Task details
An exact copy of the listing below is required, minus its pictures.

Supplied material

►

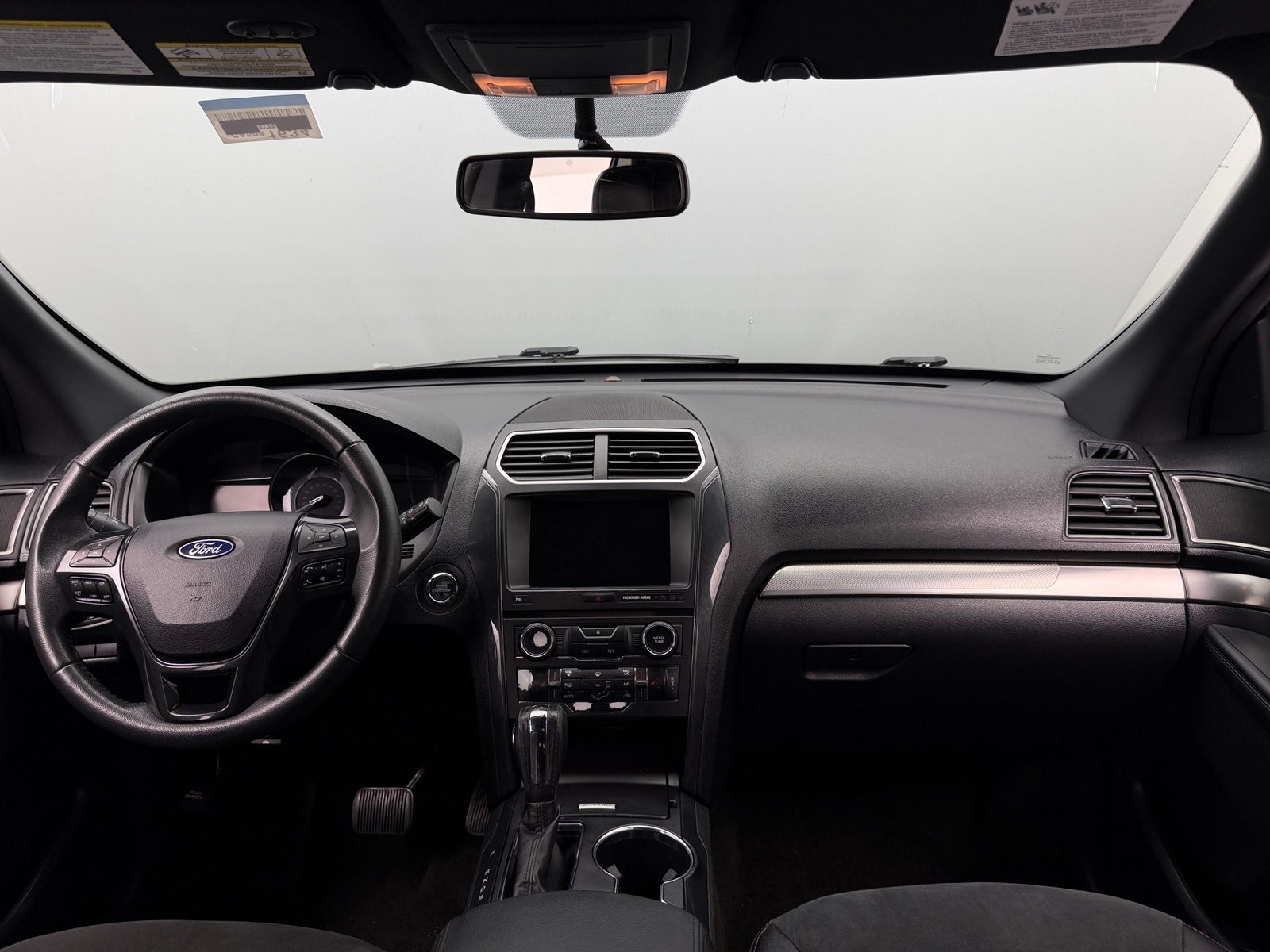 Thumbnail: 2018 Ford Explorer - 3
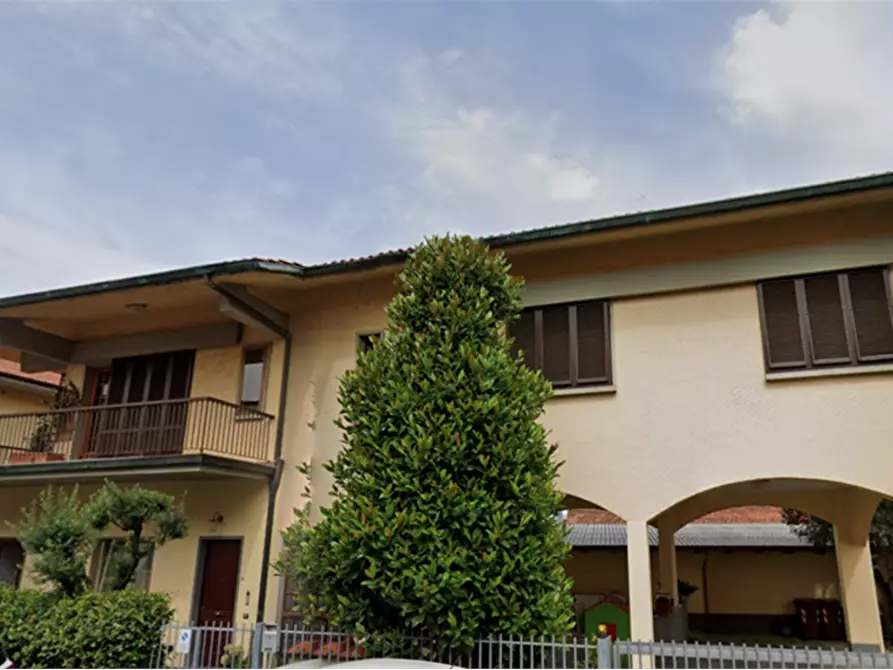 Immagine 10 di Appartamento in vendita  in Via Cesare Battisti a Monsummano Terme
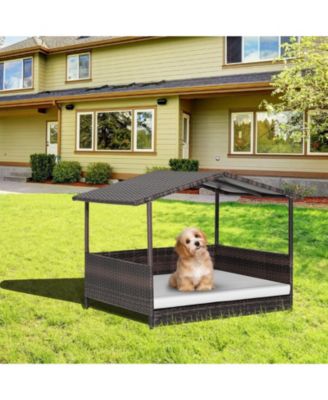 Wicker Outdoor Dog House with Weatherproof Roof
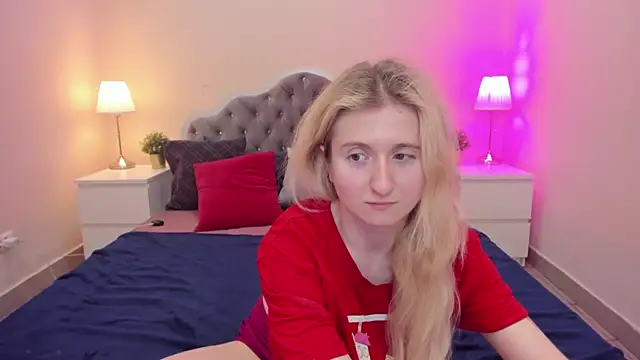 Snapshot of CamillaDreamer chatting on 11-18-25, 06:01 CamillaDreamer online show from 11-18-25, 06:01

◄

Exercise solution
 Thumbnail: 2018 Ford Explorer - 3
 Immagine 10 di Appartamento in vendita  in Via Cesare Battisti a Monsummano Terme
 Wicker Outdoor Dog House with Weatherproof Roof
 Snapshot of CamillaDreamer chatting on 11-18-25, 06:01 CamillaDreamer online show from 11-18-25, 06:01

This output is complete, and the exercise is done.